Medicare is sporadically compromised by fraudulent insurance claims. These illegal activities often go undetected, allowing full-time criminals and unscrupulous healthcare providers to exploit weaknesses in the system. According to the National Health Care Fraud Prevention Association, the estimated annual fraud amount exceeded $100 billion last year, but is likely much higher.
Traditionally, detecting Medicare fraud has left a limited number of auditors or investigators responsible for manually examining thousands of claims, looking for very specific patterns that indicate suspicious activity. There is only enough time. Additionally, there aren’t enough investigators to track down the various Medicare fraud schemes.
Leveraging big data, such as patient records and provider payments, is often considered the best way to create effective machine learning models to detect fraud. However, handling unbalanced big data and high dimensionality (data with a surprisingly large number of features, making computation extremely difficult) remains a major challenge in the field of Medicare fraud detection.
A new study from Florida Atlantic University’s School of Engineering and Computer Science addresses this challenge by pinpointing fraud in the “vast ocean” of large Medicare data. Because identifying fraud is the first step in stopping it, this new technology has the potential to save the Medicare system significant resources.
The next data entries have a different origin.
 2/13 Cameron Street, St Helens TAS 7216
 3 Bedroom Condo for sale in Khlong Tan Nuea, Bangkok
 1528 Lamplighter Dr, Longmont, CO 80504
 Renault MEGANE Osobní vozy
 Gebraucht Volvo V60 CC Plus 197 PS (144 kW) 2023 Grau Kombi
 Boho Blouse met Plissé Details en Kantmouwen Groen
For this study, researchers systematically tested two large unbalanced Medicare datasets: Part B and Part D. Part B includes Medicare coverage of medical services such as doctor visits, outpatient care, and other medical services not covered by hospitalization. Part D, on the other hand, is related to Medicare’s prescription drug benefit and covers drug costs. These datasets were marked with a List of Excluded Individuals and Entities (LEIE). LEIE is provided by the U.S. Office of Inspector General.
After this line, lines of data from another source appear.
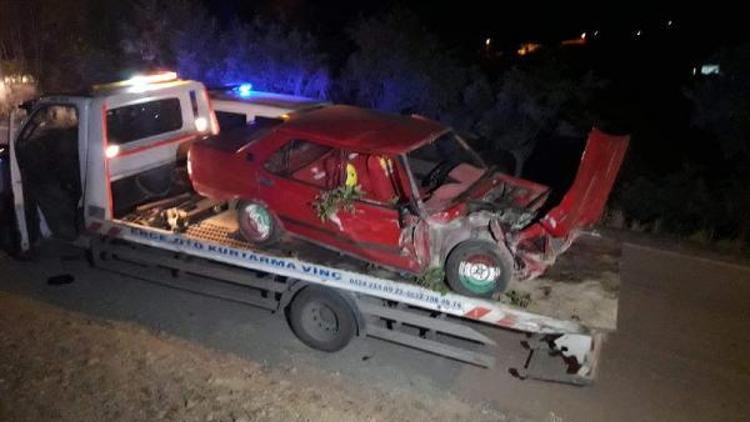 Elazığda çarpışan iki otomobilden biri uçuruma yuvarlandı: 4 yaralı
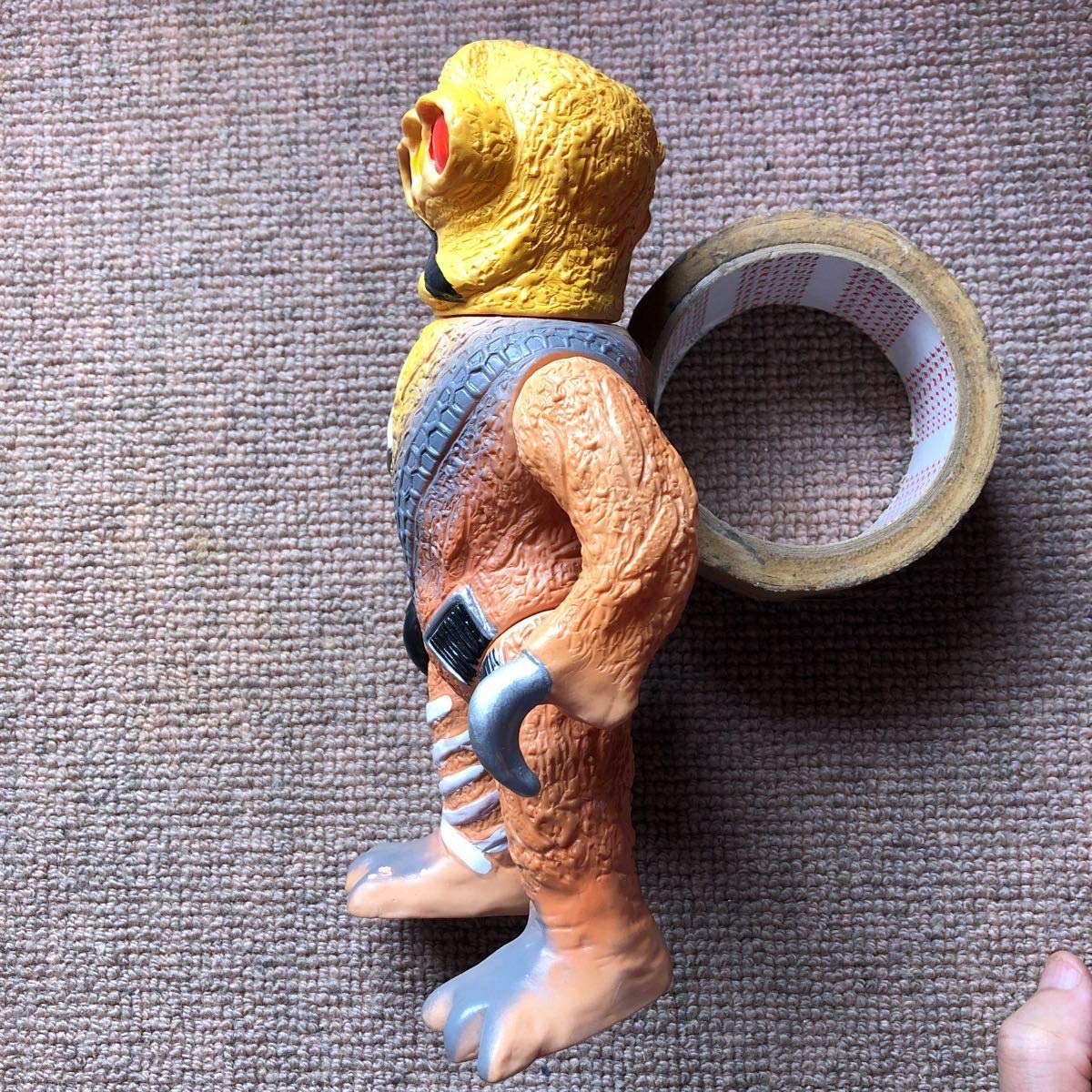 クルマニクラス黄色成型「スペクトルマン」登場怪獣（マスダヤ復刻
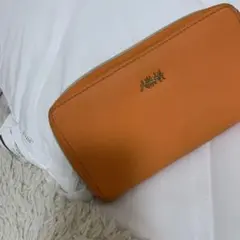 AHKAHのオレンジ長財布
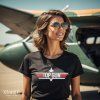Žena v tričku s potiskem Top Gun 2 letkyně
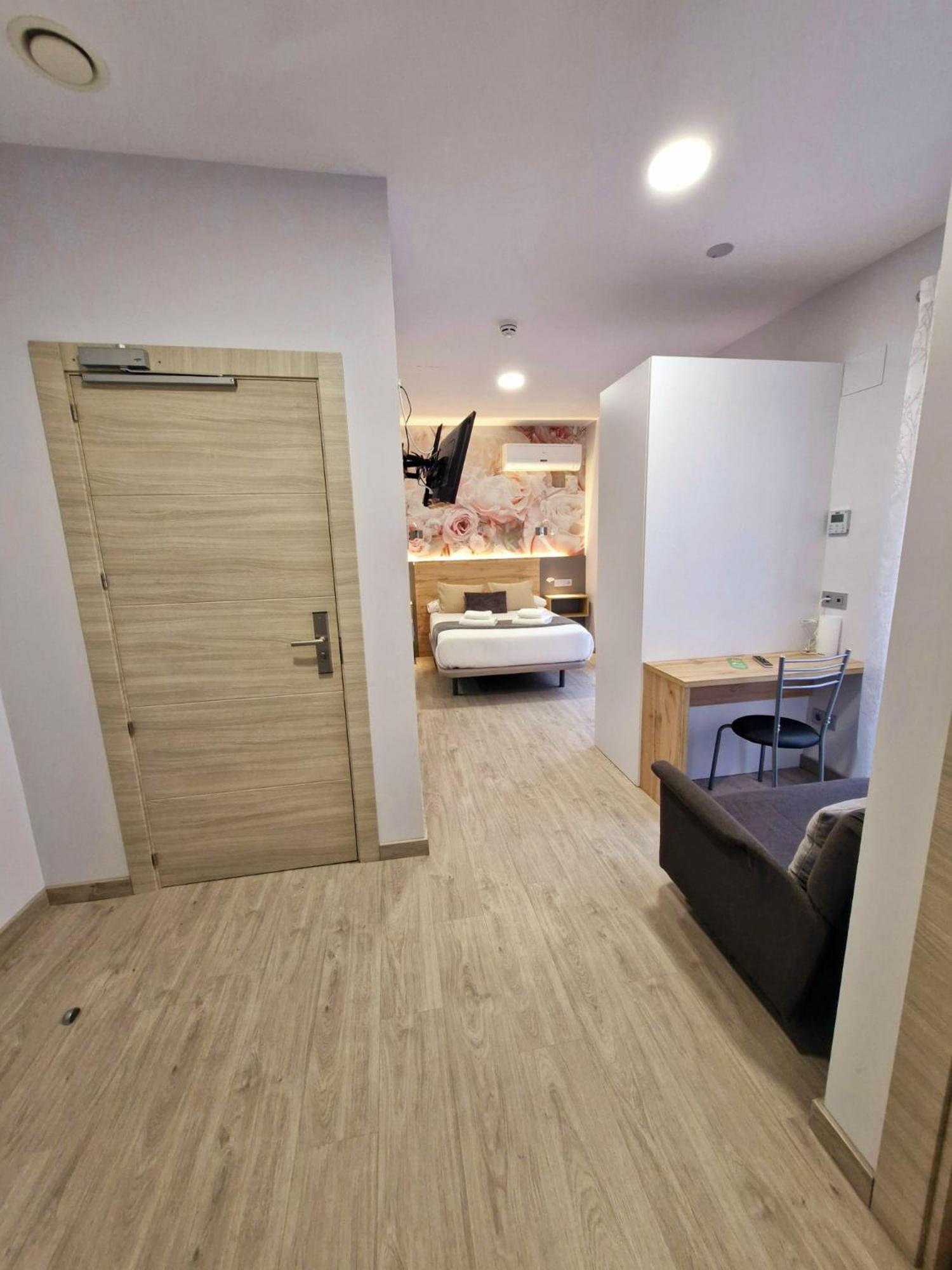 Feeling Home - Suites&Rooms ليون المظهر الخارجي الصورة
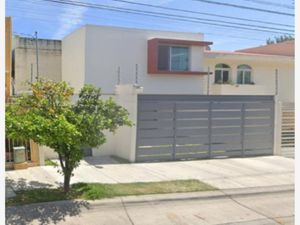 Casa en Venta en Jardines Vallarta Zapopan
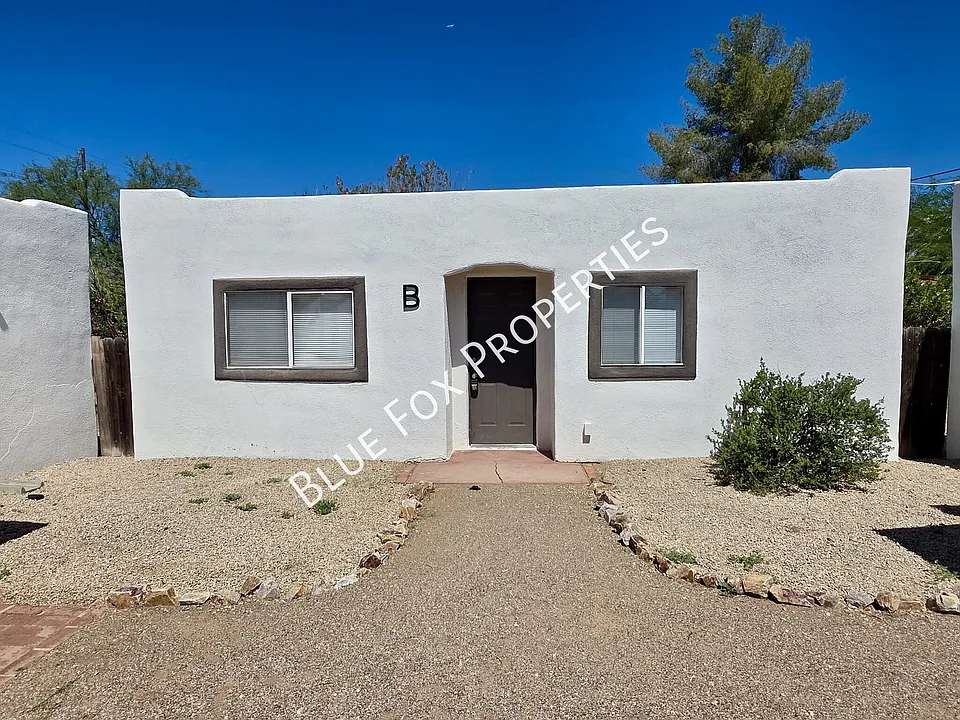 3401 E Bermuda St #B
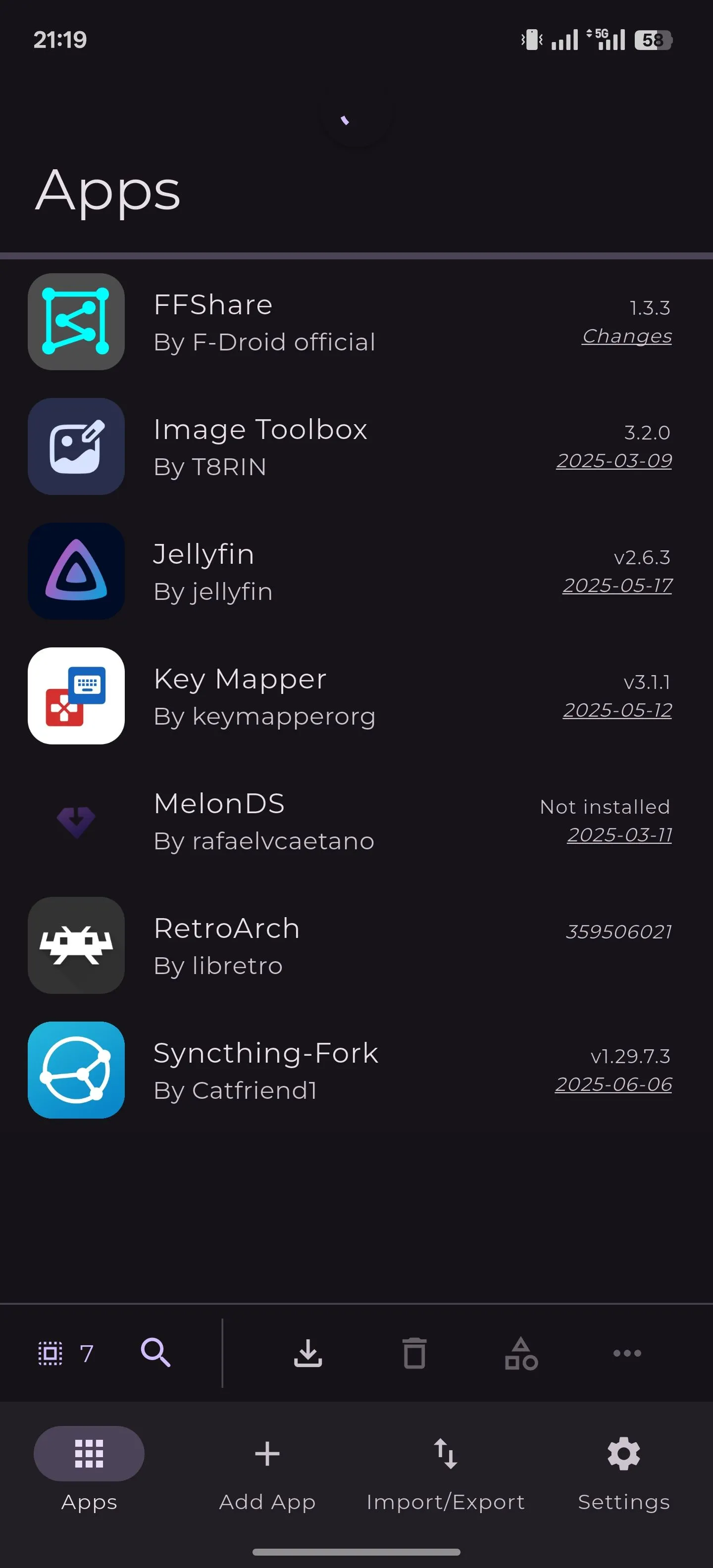 Danh sách các ứng dụng đã thêm vào Obtainium trên Android, sẵn sàng để kiểm tra cập nhật.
Researchers delved into the impact of random undersampling (RUS), a simple yet powerful data sampling technique, and its novel ensemble supervised feature selection technique. RUS works by randomly removing samples from the majority class until a certain balance between minority and majority classes is met.
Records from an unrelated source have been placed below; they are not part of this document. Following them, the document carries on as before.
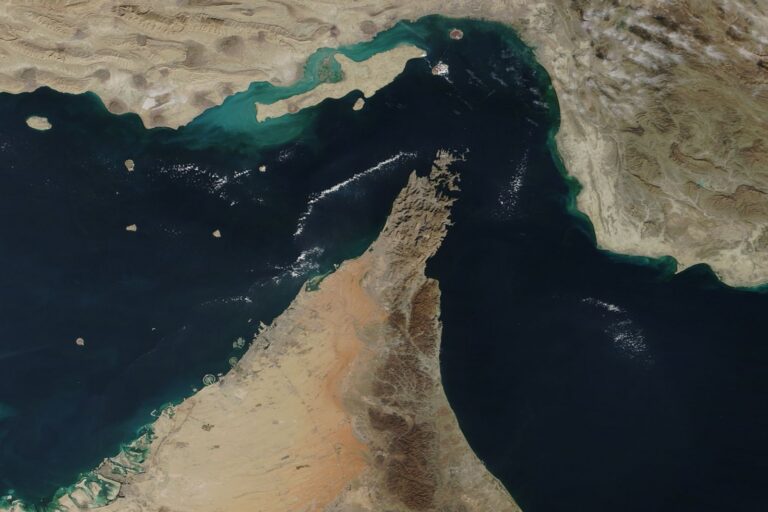 IRGC Navy Threatens to Sever Hormuz Cables Amid Escalating Gulf Tensions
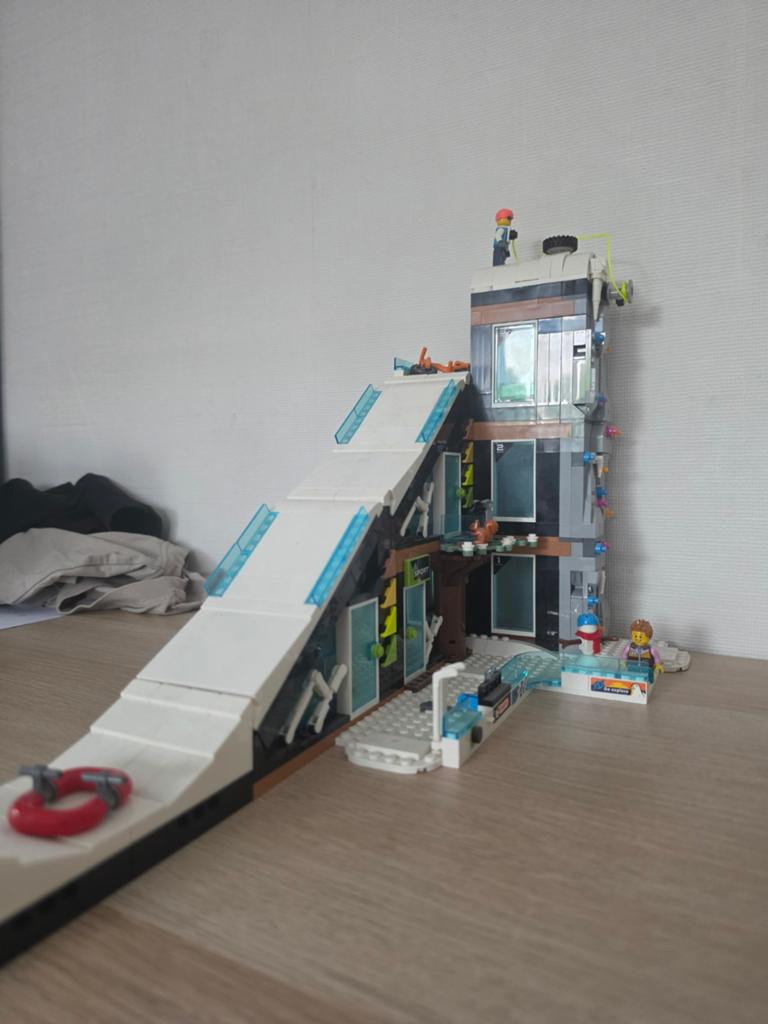 LEGO City 60366 Ski- en Snowboardcentrum, Ophalen of Verzenden, Zo goed als nieuw, Overige merken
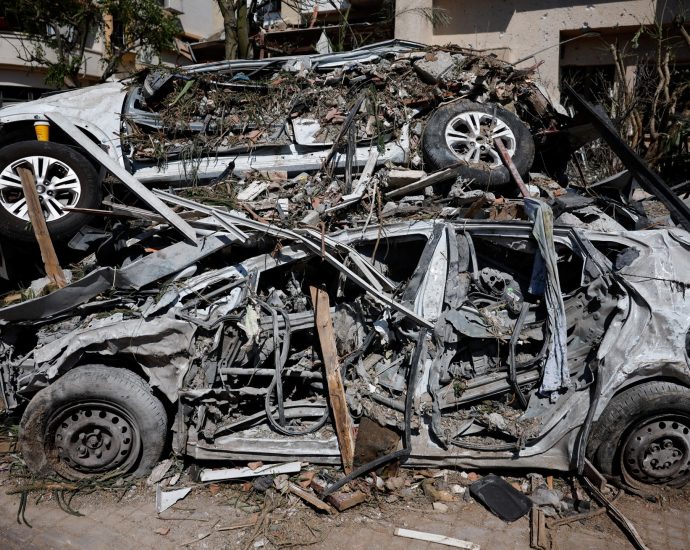 world-leaders-weigh-in-on-‘alarming’-israel-iran-conflict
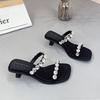 Fashion Hot Selling Female Shoes Ladies' Slippers Glitter Slides Women Heels Rubber Flops Square Heel Fashion 2025 Jelly High Hawaiian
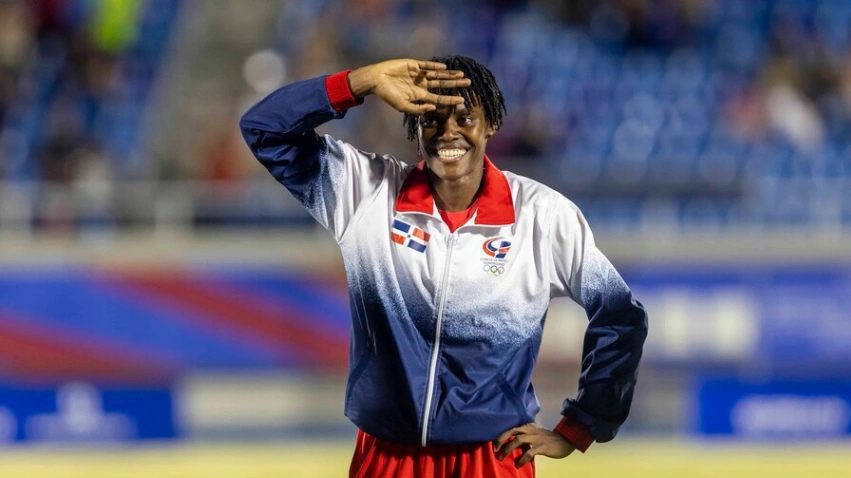 Lo que gana Marileidy Paulino en una carrera equivale a apenas 23 minutos de sueldo de un jugador de la NBA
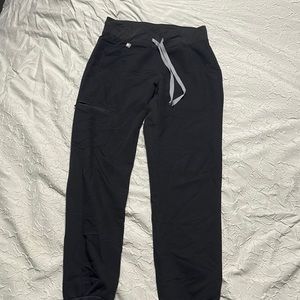 Black Zamora figs jogger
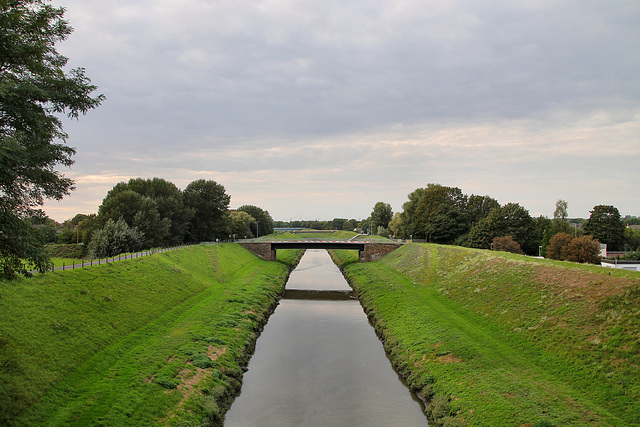 Blick auf die Emscher (Oberhausen-Buschhausen) / 6.09.2020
The experimental design investigated a variety of scenarios, from using each technique alone to using them in combination. After analyzing each individual scenario, the researchers again selected the method that yielded the best results and performed an analysis of the results across all scenarios.
The research results are big data journal, We demonstrate that intelligent data reduction techniques can improve the classification of large, unbalanced Medicare data. Applying both techniques (RUS and supervised feature selection) synergistically outperformed models that utilized all available features and data. Our findings show that the best performance is obtained with the combination of feature selection technique followed by her RUS or RUS followed by feature selection technique.
As a result, the researchers found that the method with the greatest amount of data reduction yielded the best performance in classifying both datasets. This is a technique that performs feature selection and then applies RUS. Reducing the number of features results in a more explainable model and significantly improves performance than using all features.
The performance of a classifier or algorithm can depend on multiple influences. Two factors that make data classification even more difficult are dimensionality and class imbalance. Class imbalance in labeled data occurs when the overwhelming majority of instances in a dataset have one particular label. Classifiers optimized for metrics such as accuracy are hampered by this imbalance, as they can incorrectly label fraudulent activity as non-fraudulent, boosting the overall score on the metric. . ”
Dr. Taghi Khoshgoftaar, Senior Author, Motorola Professor, FAU Department of Electrical Engineering and Computer Science
For feature selection, researchers incorporated a supervised feature selection method based on feature ranking lists. These lists were then combined to create a final feature ranking through the implementation of an innovative approach. A model was also built utilizing all features of the dataset to provide a benchmark. In deriving this unified ranking, features were selected based on their position in the list.
“Our systematic approach provides a deeper understanding of the interplay between feature selection and model robustness within the context of multiple learning algorithms,” said first author and Ph.D. said John T. Hancock. student in FAU’s Department of Electrical Engineering and Computer Science. “Building a model with fewer features makes it easier to reason about how the model performs classification.”
For both Medicare Part B and Part D datasets, researchers conducted experiments in five scenarios to thoroughly explore possible ways to utilize or omit RUS and feature selection data reduction techniques. For both datasets, the researchers found that data reduction techniques improved classification results.
“Given the significant economic impact of Medicare fraud, this important finding not only provides a computational advantage but also significantly increases the effectiveness of fraud detection systems,” FAU Engineering – said Dr. Stella Batalama, Dean of the Department of Computer Science. . “If these methods are properly applied to detect and deter Medicare insurance fraud, they have the potential to reduce the costs associated with fraud and significantly improve the standard of health care services.”
Co-authors of the study are Dr. Huanjing Wang, a professor of computer science at Western Kentucky University; and his Ph.D. student Qianxin Liang. student in FAU’s Department of Electrical Engineering and Computer Science.
sauce:
florida atlantic university
Reference magazines:
Hancock, J.T. other. (2024). Data reduction techniques for highly imbalanced medical big data. big data journal. doi.org/10.1186/s40537-023-00869-3.